**SOURCE DATA:**
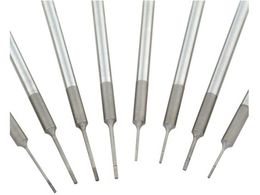 �i�J�j�V/SP�d�����a�_�C�������h�o�[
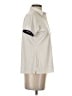Head Ivory Short Sleeve Polo Size S - photo 4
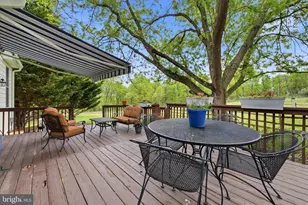 1623 St Peters Way, Chester Springs, PA 19425 - Photo 43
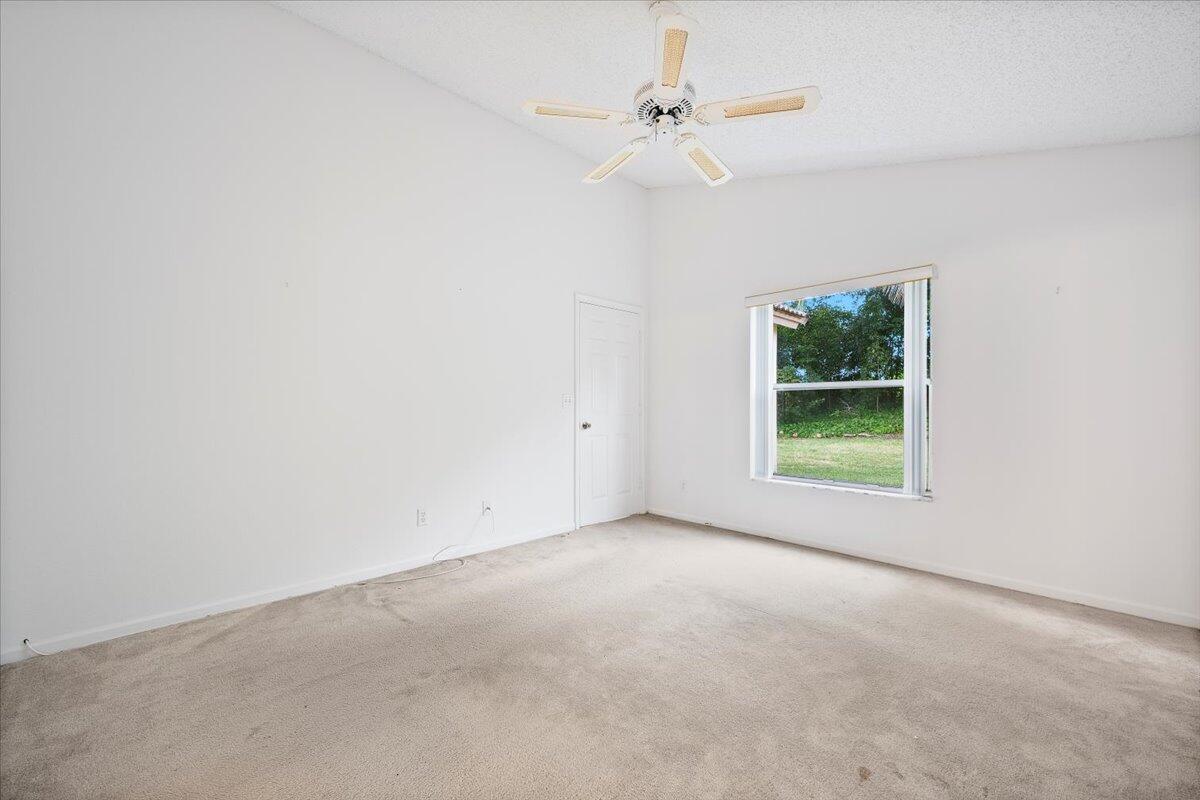 MLS #RX-11143156 image #16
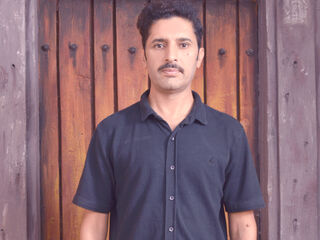 Powrpsychic reading online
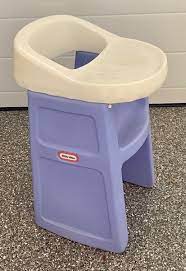 My first pet checkup set™. Little Tikes Doll High Chair For Sale In Kelowna Castanet Classifieds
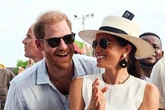 Prince Harry and Meghan Markle suffer setback which he's taking much 'harder' than she is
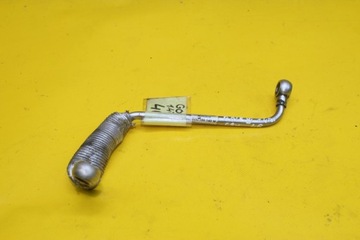 МАСЛЯНАЯ ТРУБКА 03C145140M GOLF VI 1.4 TSI CAV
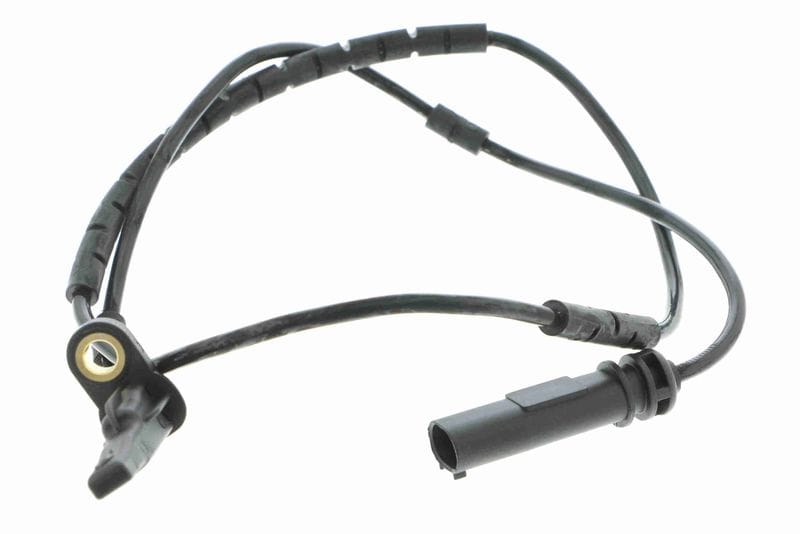 BMW F20-F30 ARKA ABS SENSÖRÜ 34526791225 - Yedek Parça
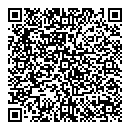 QR код "Удачные двери"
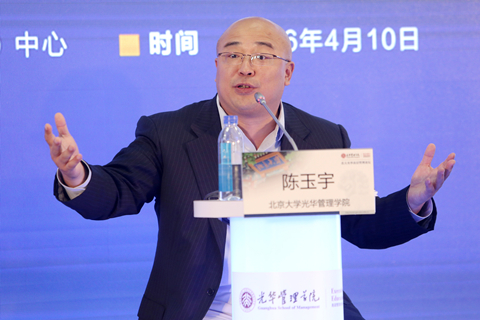 6D045FCD3CA2AABFC376BF3B68A_3B126606_2F0AB.jpg?e= c7c7娱涝旖台官网入口(中国)官方网站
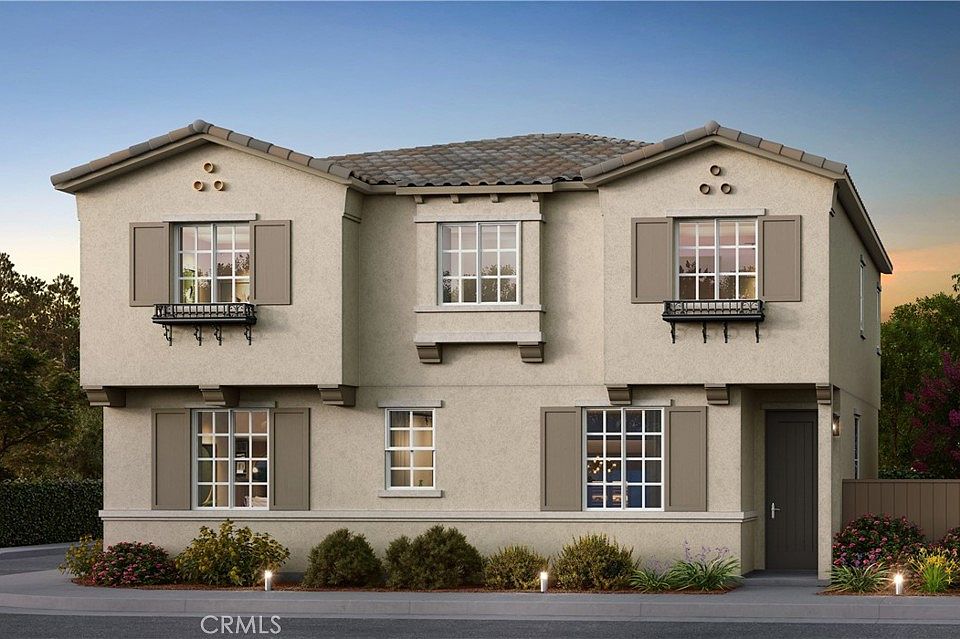 1st image of 8733 Areca Ln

**TASK DETAILS:** Please write out the material from the line containing "Powrpsychic reading online" to its final line, both inclusive, exactly as it appears; pictures are not part of the copy.

**ANSWER:**
 Powrpsychic reading online
 My first pet checkup set™. Little Tikes Doll High Chair For Sale In Kelowna Castanet Classifieds
 Prince Harry and Meghan Markle suffer setback which he's taking much 'harder' than she is
 МАСЛЯНАЯ ТРУБКА 03C145140M GOLF VI 1.4 TSI CAV
 BMW F20-F30 ARKA ABS SENSÖRÜ 34526791225 - Yedek Parça
 QR код "Удачные двери"
 6D045FCD3CA2AABFC376BF3B68A_3B126606_2F0AB.jpg?e= c7c7娱涝旖台官网入口(中国)官方网站
 1st image of 8733 Areca Ln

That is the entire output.